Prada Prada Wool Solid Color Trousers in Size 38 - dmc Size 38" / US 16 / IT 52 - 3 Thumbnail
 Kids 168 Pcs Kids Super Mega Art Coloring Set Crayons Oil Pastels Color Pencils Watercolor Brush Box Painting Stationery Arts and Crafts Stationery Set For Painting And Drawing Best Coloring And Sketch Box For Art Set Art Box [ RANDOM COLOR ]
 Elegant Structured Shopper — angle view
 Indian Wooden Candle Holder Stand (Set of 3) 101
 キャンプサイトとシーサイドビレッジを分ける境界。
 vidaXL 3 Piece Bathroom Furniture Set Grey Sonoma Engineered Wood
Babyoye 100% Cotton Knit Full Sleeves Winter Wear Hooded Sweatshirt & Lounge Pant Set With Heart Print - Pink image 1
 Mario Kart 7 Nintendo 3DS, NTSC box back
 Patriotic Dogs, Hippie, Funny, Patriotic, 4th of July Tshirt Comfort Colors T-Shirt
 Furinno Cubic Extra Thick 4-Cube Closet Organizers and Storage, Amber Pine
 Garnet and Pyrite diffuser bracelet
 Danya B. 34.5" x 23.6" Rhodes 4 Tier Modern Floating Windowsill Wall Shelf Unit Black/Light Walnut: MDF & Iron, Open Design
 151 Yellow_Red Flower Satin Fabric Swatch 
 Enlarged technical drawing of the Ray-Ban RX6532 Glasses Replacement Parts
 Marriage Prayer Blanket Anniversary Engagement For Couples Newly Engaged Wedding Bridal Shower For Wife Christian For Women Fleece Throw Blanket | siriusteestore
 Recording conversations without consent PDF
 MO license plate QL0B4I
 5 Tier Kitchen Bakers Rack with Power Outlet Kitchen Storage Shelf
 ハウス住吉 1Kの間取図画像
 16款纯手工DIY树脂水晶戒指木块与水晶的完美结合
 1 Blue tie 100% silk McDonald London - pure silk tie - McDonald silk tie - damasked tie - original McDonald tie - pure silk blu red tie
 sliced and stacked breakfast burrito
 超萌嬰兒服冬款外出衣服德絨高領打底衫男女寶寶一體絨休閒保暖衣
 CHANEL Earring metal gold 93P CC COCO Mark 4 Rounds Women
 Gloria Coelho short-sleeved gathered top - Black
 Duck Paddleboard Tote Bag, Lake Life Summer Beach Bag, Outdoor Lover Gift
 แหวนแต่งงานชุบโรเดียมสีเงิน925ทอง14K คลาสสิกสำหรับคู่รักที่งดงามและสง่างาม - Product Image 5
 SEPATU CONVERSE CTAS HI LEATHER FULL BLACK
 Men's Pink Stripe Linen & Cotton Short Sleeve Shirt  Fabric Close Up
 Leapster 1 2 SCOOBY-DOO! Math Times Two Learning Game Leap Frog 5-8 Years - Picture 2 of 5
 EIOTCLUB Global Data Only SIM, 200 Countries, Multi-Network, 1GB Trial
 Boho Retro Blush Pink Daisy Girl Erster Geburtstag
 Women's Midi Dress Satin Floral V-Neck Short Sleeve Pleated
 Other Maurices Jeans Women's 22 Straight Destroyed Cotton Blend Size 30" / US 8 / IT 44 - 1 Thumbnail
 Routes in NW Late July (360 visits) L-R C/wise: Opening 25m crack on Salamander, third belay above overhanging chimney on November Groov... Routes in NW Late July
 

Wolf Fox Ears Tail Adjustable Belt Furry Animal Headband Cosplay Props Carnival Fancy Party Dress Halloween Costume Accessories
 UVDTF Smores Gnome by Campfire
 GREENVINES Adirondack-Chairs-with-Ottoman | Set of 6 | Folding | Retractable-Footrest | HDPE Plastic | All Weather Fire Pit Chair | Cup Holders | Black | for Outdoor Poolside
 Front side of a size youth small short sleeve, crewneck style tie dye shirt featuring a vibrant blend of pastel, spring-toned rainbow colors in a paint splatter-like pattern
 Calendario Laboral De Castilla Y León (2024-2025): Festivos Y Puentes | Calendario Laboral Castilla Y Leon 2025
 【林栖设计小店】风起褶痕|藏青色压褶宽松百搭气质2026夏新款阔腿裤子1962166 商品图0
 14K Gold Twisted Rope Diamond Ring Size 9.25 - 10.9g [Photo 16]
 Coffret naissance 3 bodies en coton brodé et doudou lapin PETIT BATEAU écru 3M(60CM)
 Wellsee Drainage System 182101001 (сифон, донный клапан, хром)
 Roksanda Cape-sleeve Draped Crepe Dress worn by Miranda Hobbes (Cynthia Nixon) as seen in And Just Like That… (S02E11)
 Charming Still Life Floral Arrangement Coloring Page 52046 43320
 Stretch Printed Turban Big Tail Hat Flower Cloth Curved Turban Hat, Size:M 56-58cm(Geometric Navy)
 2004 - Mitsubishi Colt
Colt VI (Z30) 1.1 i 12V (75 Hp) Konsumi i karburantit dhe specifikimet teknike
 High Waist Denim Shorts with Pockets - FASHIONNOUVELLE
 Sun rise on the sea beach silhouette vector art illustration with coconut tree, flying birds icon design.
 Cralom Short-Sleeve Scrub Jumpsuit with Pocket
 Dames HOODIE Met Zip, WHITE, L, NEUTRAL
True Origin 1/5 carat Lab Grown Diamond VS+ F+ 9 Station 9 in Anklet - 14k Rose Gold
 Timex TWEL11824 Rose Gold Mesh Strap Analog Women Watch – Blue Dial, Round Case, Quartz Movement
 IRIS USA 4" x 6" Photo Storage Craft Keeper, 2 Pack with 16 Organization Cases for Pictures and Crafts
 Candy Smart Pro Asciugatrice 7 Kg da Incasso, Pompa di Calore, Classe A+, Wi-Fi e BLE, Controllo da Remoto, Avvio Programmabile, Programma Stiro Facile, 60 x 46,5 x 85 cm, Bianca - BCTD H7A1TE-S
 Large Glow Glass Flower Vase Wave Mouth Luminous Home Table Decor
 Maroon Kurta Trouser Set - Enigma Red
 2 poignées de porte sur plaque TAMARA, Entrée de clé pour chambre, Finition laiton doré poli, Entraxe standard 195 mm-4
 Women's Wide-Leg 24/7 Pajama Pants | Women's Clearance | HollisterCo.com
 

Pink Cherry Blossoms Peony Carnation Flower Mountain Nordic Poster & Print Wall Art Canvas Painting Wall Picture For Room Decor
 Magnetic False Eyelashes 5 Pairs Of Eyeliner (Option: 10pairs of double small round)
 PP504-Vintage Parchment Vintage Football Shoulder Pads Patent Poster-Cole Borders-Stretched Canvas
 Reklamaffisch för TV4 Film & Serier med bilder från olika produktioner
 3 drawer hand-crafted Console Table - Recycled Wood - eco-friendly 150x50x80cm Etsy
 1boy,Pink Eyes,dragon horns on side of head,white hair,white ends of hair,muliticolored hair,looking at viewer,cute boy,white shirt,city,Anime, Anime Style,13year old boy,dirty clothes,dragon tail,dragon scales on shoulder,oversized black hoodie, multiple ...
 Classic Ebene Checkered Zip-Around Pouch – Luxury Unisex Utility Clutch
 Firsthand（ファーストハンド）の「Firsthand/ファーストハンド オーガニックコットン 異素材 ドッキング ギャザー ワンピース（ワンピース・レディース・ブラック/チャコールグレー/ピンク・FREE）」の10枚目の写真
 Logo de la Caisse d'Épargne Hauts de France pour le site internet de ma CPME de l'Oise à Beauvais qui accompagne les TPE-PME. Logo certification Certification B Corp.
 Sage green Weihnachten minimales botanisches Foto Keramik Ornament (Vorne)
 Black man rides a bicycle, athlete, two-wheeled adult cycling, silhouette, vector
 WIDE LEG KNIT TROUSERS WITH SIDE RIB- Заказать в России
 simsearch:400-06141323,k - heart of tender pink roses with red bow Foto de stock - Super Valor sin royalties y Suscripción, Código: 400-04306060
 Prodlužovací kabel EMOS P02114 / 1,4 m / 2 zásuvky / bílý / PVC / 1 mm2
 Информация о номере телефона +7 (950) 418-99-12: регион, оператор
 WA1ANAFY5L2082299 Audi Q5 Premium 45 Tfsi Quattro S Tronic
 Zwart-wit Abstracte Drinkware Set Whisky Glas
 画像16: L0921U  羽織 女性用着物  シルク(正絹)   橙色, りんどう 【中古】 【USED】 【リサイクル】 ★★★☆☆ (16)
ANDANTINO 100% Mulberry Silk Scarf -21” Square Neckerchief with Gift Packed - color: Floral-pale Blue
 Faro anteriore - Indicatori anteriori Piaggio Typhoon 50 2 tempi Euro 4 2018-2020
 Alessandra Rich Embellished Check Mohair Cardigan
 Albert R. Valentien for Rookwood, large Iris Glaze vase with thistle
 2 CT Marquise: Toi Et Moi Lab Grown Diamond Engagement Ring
# # # # #
▶ What is expected: Could you return exactly the stretch of the data above that starts at the line with "Colt VI (Z30)" and ends at the line with "True Origin 1/5", both lines included?

▶ Result of this task:
Colt VI (Z30) 1.1 i 12V (75 Hp) Konsumi i karburantit dhe specifikimet teknike
 High Waist Denim Shorts with Pockets - FASHIONNOUVELLE
 Sun rise on the sea beach silhouette vector art illustration with coconut tree, flying birds icon design.
 Cralom Short-Sleeve Scrub Jumpsuit with Pocket
 Dames HOODIE Met Zip, WHITE, L, NEUTRAL
True Origin 1/5 carat Lab Grown Diamond VS+ F+ 9 Station 9 in Anklet - 14k Rose Gold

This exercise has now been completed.